Once I realized how scared I was, I decided it must be panic. So I pulled out my usual bag of tricks for managing panic. Usually just recognizing it for what it is is enough, but not this time. I tried the tapping thing. I tried a happy place. I tried relaxing my muscles. I tried waiting. But nothing worked. It lasted hours - hours of nausea, shaking, trips to the toilet, sips of water, and wondering if perhaps I actually was sick. The ghosts of Wretched Past flitted in front of my eyes, all the grotty floors I've been intimate with. Finally, around 9:45 (two and a half hours after it started), I decided to take some Lorazepam. I've never actually taken it for a panic attack before, only for prevention on solo flights. But I had it, so I thought I might as well take it. It took an hour to take effect, and even then, I still felt sick, I just wasn't terrified. So it was an improvement. I slept - mostly - through the night and woke in the morning with no vomiting having taken place.
I went to work, relieved I could make it, but still the worse for wear. I felt crappy all day, and crappier once I got home in the evening. The day was a success, work-wise, as far as I could tell, but I was exhausted. I don't think panic is the only culprit for Thursday night. Given how crappy I felt the next day, physically, and how the physical crappiness has continued over the weekend, I figure it must have been a combination of exhaustion and panic (caused or ennabled by the exhaustion).
I've been working flat out for the last six weeks. From the moment I arrive at my desk until I race out to pick up Swee'pea, I'm on one long adrenaline trip of not having enough time to get everything done that needs to be done and not being able to delegate anything. So Thursday night was my wake-up call. If I don't set some boundaries at work, I'm going to end up the way I was before: feeling mildly ill all the time and violently ill sometimes, afraid to eat, afraid to be full, afraid to leave home. I know enough to know I'm not exaggerating. I thought that kind of attack would never happen again because I could control my anxiety and panic, but I took for granted the balance and wellness required for that kind of control.

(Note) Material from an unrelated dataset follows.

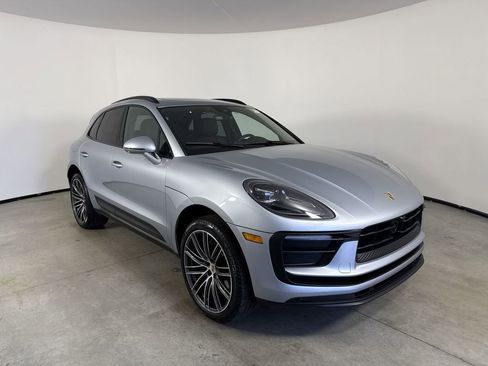 Certified 2026 Porsche Macan AWD/4WD image 9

So this weekend is my sick day. I've been trying to take it easy at home for the last few weeks, during my time off, but the bottom line is that 8 hours (or 9 if you count the rushed drop-offs and pick-ups at daycare) of adrenaline every day is just too much for a body to recover from - for my body anyways. I've never felt this way at work before, never been this busy before.
No more.
Hello 2024
10 months ago
4 comments:
I know that crazy work feeling, and I hate it too. Right now, I'm ready to be a cashier at Wal-Mart.
I think it is great you know what your body needs, and you know how to give that to it. It's important.
it definitely sounds like you need a break, Sin. be good to you.
and heck, maybe you DID have a bit of a bug...
Good for you: it takes a lot of self-awareness to come to this. You're absolutely right, I think. No one can really go on at that pace, that intensity. I'm sorry that your body is so much more attuned to these stresses in such an immediate way, but maybe this 'wake up call' as you say, will help you prevent something worse down the line?
I wish you well trying to find that balance.